On the individual level, he adds, the Gülen movement “might serve one’s spiritual inclinations to better humanity, but it might also provide an avenue for social mobility, for university education, for world travel, or for a sustainable income.”

The “ambiguity” of the book’s title refers to the “strategic ambiguity” that has been used by Gülen affiliates as an organizational strategy from the start. This secrecy is almost pathological, innate to the movement’s organizational practice in Turkey, and Hendrick suggests it should be understood in the context of the sometimes oppressive political situation in which it emerged. But such ambiguity has not gone down well in the United States, where hundreds of Gülen-linked charter schools now operate. Increasingly tough questions are being asked over allegations of financial mismanagement, unfair hiring in favor of foreign Turkish teachers, union busting and gender discrimination. One concerned parent contacted Hendrick after a run-in with the administrators of his daughter’s school, confiding:

What began to concern me was their reaction to any sort of questioning or disagreement with school policies – the degree to which they could not tolerate it, and the manipulative and forceful manner in which they responded struck me as distinctly abnormal.

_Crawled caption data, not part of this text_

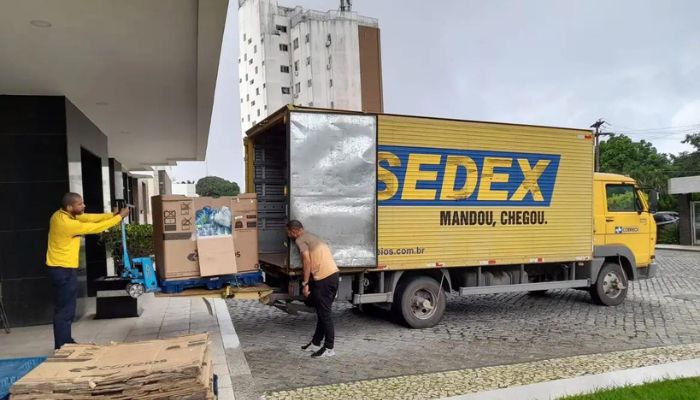 Correios suspendem recebimento de roupas doadas ao Rio Grande do Sul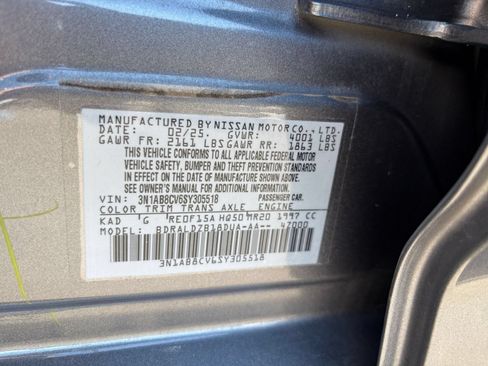 Used 2025 Nissan Sentra SV FWD image 27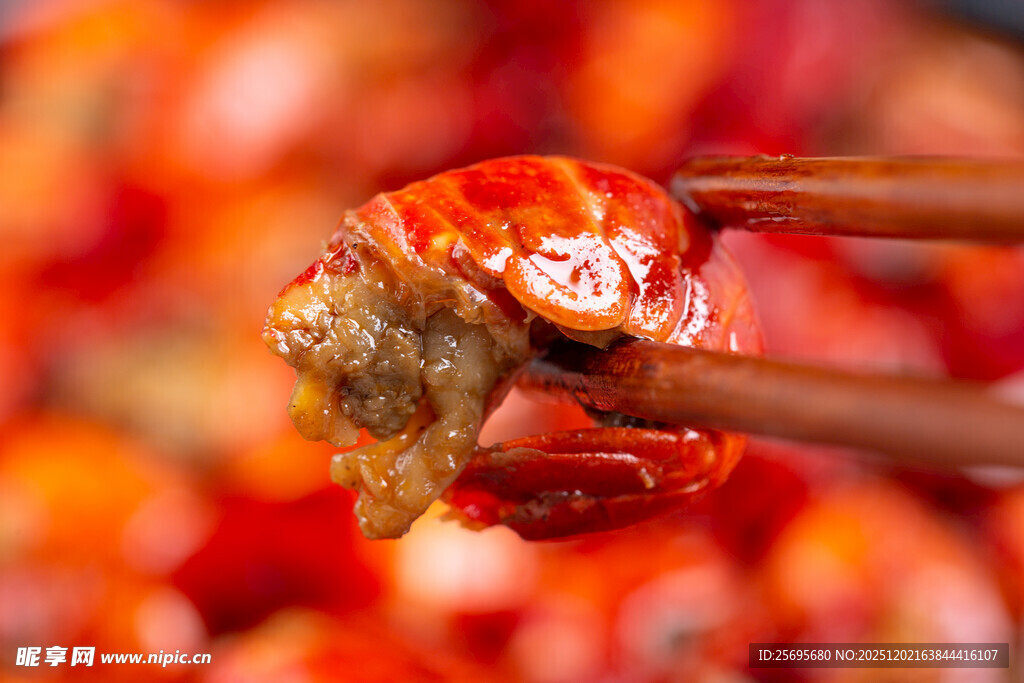 筷子夹起美味虾球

Another asked him: “Why doesn’t the school acknowledge a link to other schools? … I feel uninformed and concerned. Why isn’t there an open dialog about the Gülen influence on the academic model?” School administrators routinely respond by denying any critical connection to Gülen and claiming only “inspiration,” but this isn’t enough to prevent an ongoing public relations disaster. The Gülenists are "playing the U.S. political field as though it were Turkey in the 1990s,” Hendrick writes.

Unfortunately, while the book lavishes attention on the movement’s American problems, much less energy is spent on its rather more consequential Turkish controversies. Barely two pages are devoted to the contentious Ergenekon and Balyoz cases into alleged “deep state” plots to foment chaos and stage a military coup against the AKP, let alone the trials of alleged members of the Kurdistan Communities Union (KCK). Gülenists within the police and the judiciary led those investigations, which were riddled with dirty tricks and falsified evidence. These malfeasances have done much to erode the reputation of the movement - both in Turkey and abroad - so ignoring them leaves a gaping hole at the center of the book. It’s like a volume about the recent history of the Catholic Church failing to mention child abuse. 

Also problematic is Hendrick’s rehashing of an argument that went stale long ago: Islamic politics in Turkey, he argues, is not about capturing or co-opting the state, but rather about engineering its decline in the interests of conservative bourgeois Anatolians. In fact, it has become increasingly clear in recent years that the current AKP government actually has little interest in “shrinking the state,” but instead wants to capture and bend it to its own will. The Gülen movement’s relation to the state is similarly complicated. It may well be a textbook example of “market-driven Islam” emerging from Turkey’s post-1980 economic opening, but there is plenty of evidence that its members are also pursuing all kinds of dubious political ends across many state institutions. Regrettably, that is little explored in this book.

Many people could already see it, but events since December have outed the Gülen movement as a political player once and for all, and it will never again be able to portray itself as a purely apolitical civil society actor. The aftershocks of the graft probes are altering perceptions of the Gülen movement by the hour, and its future direction now hangs in the balance. So although a revision of this book is already necessary, its author would probably be wise to postpone that update for a while. In the meantime, let's all just keep the popcorn topped up.